DESCRIPTION OF THE TASK
From the first line to the last, please reproduce the material exactly, skipping the pictures.

__________

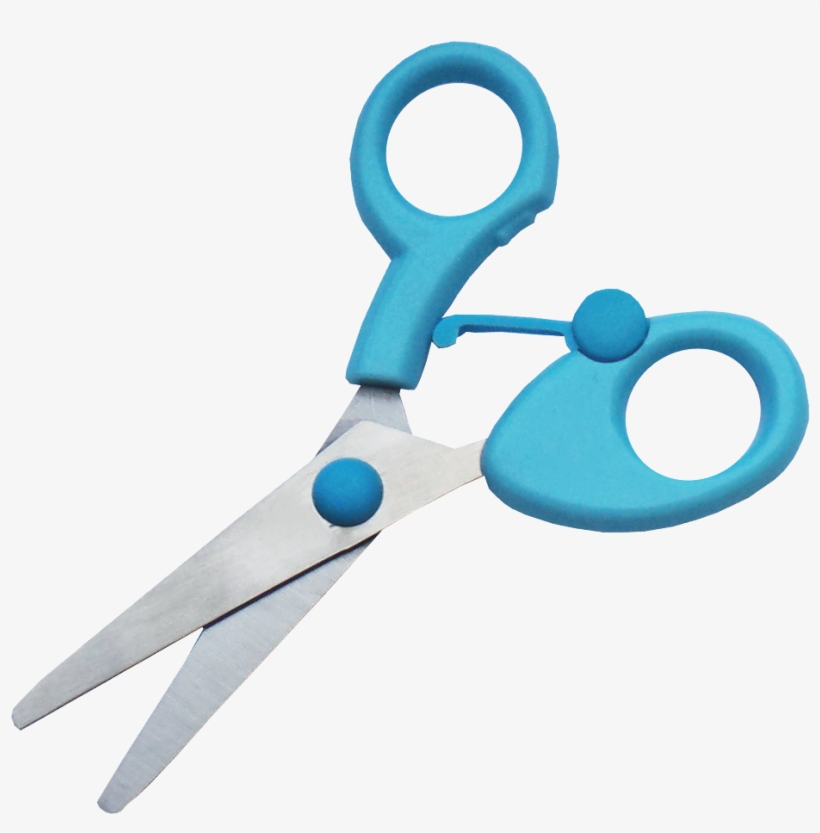 Tijeras Escolares Png - Tijera Vaiven, transparent png download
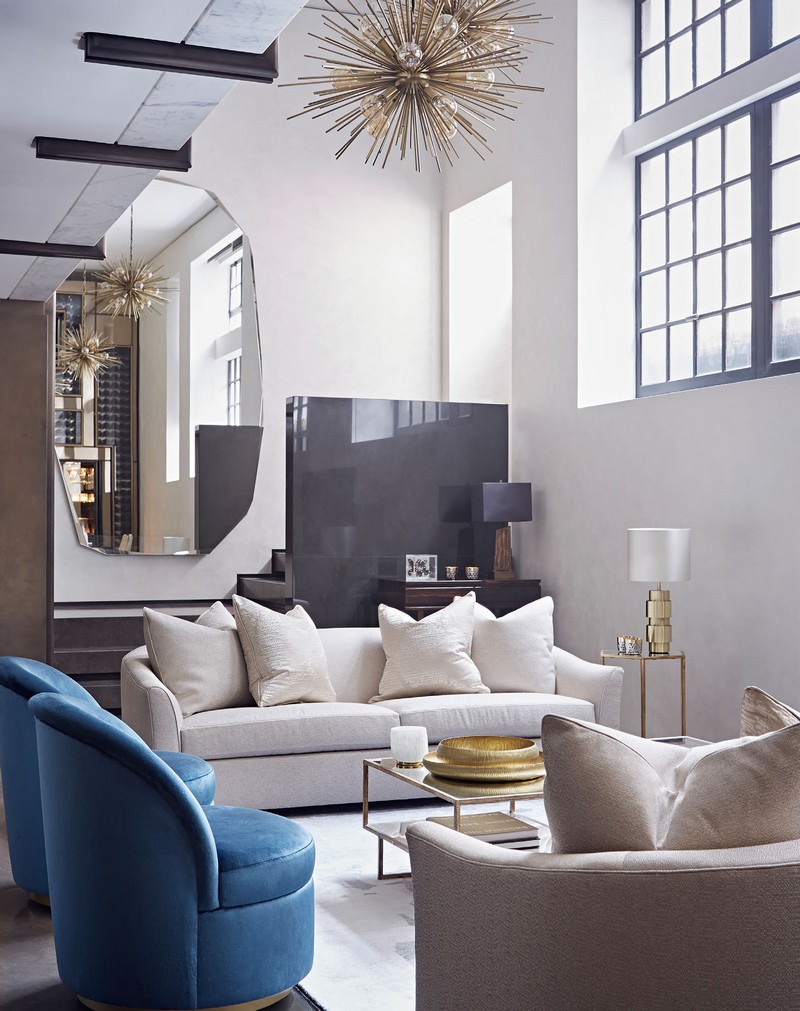 Top 100 Interior Designers by CovetED Magazine Part II 38 - Covet Edition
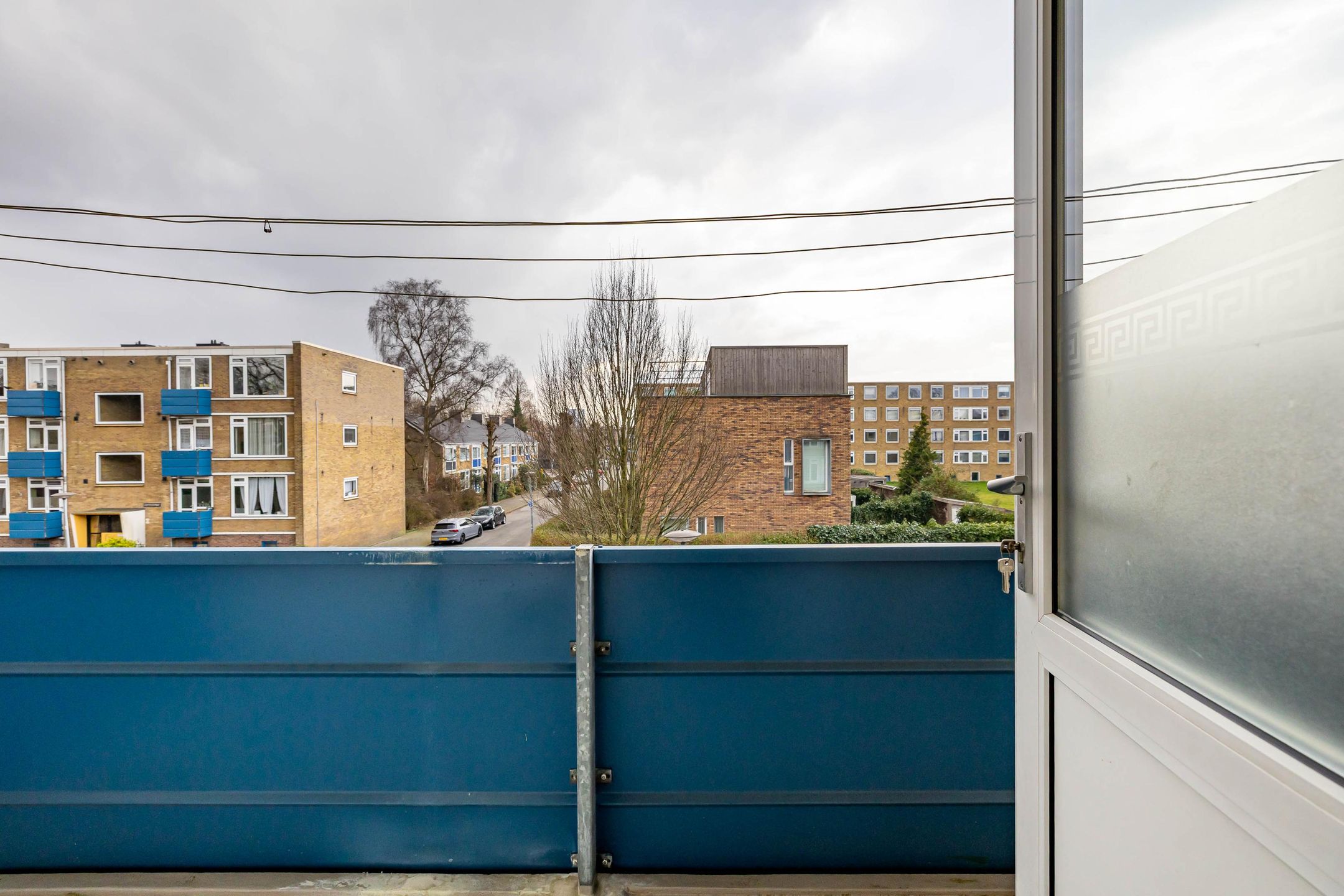 2-Bedroom Apartment with West-Facing Balcony in De Wijert — 24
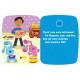 ME READER JR Blue's Clue & You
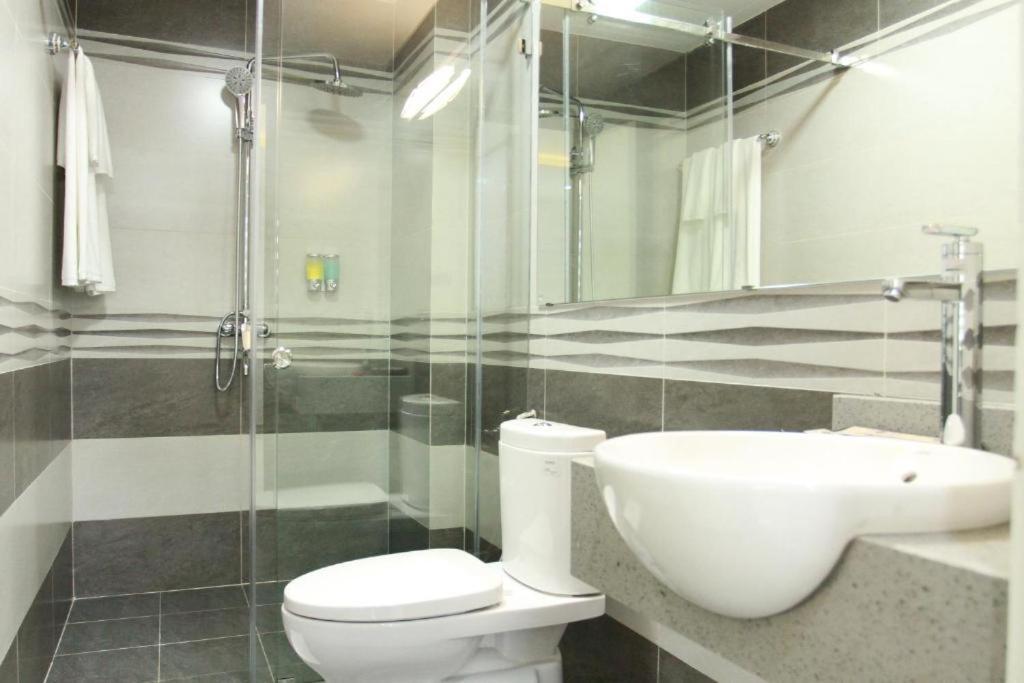 Hotel My House Hn - By Bay Luxury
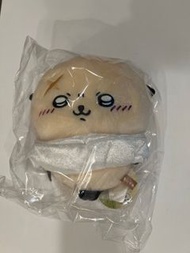 Chiikawa海獺 公仔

__________

RESPONSE TO THIS TASK
 Tijeras Escolares Png - Tijera Vaiven, transparent png download
 Top 100 Interior Designers by CovetED Magazine Part II 38 - Covet Edition
 2-Bedroom Apartment with West-Facing Balcony in De Wijert — 24
 ME READER JR Blue's Clue & You
 Hotel My House Hn - By Bay Luxury
 Chiikawa海獺 公仔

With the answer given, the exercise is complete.